**Recorded data**

**********

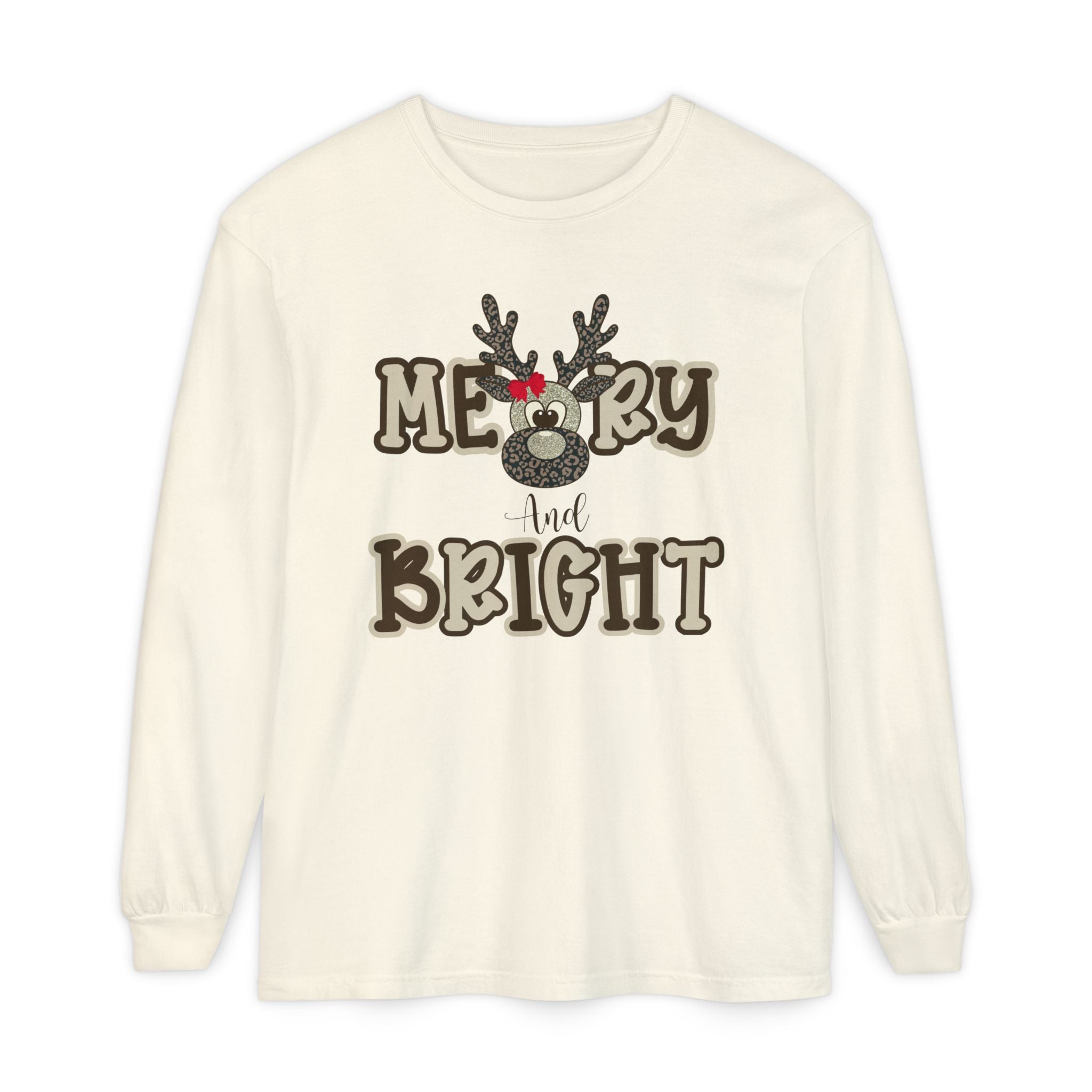 Merry & Bright Reindeer Long Sleeve – Comfort Colors® Cheetah Print Christmas Shirt for Women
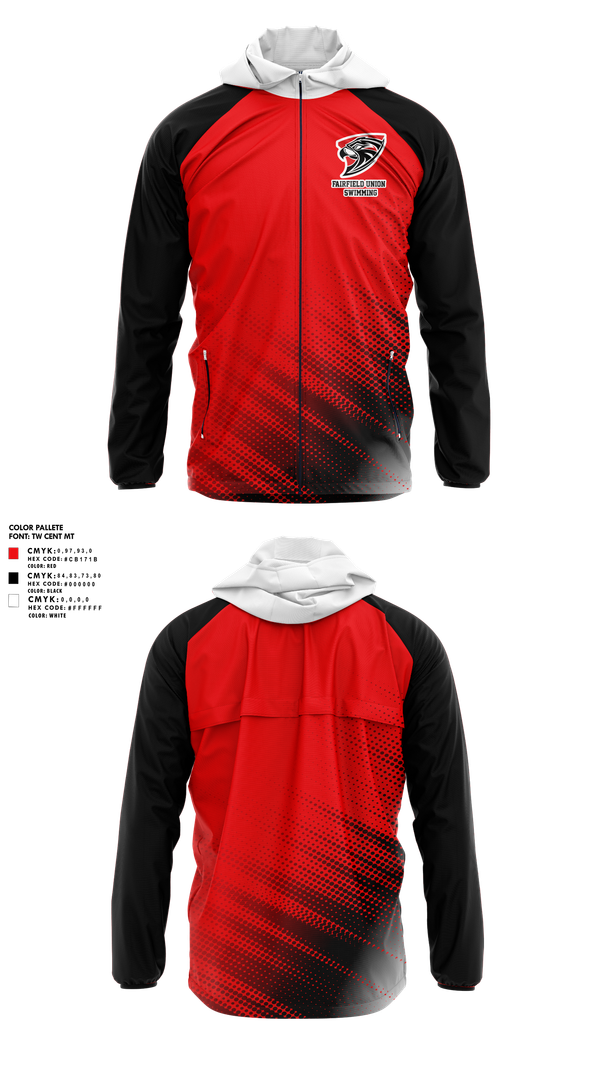Windbreaker, Fairfield Union High School Swimming, Swimming, Teamtime, Team time, sublimation, custom sports apparel, team uniforms, spirit wear, spiritwear, sports uniforms, custom shirts, team store, custom team store, fundraiser sports, apparel fundraiser
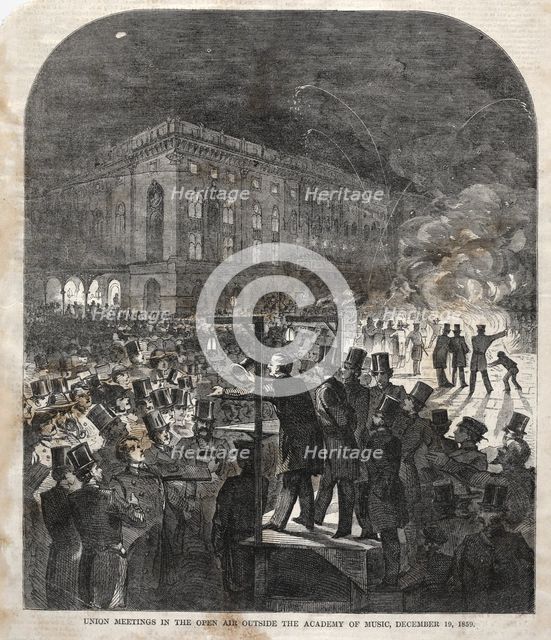 Union Meeting in the Open Air Outside the Academy of Music, 1859. Creator: Winslow Homer (American, 1836-1910).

**********

**What to do**
Without including any pictures, print all of the material exactly as given.

**The completed task**
 Merry & Bright Reindeer Long Sleeve – Comfort Colors® Cheetah Print Christmas Shirt for Women
Windbreaker, Fairfield Union High School Swimming, Swimming, Teamtime, Team time, sublimation, custom sports apparel, team uniforms, spirit wear, spiritwear, sports uniforms, custom shirts, team store, custom team store, fundraiser sports, apparel fundraiser
 Union Meeting in the Open Air Outside the Academy of Music, 1859. Creator: Winslow Homer (American, 1836-1910).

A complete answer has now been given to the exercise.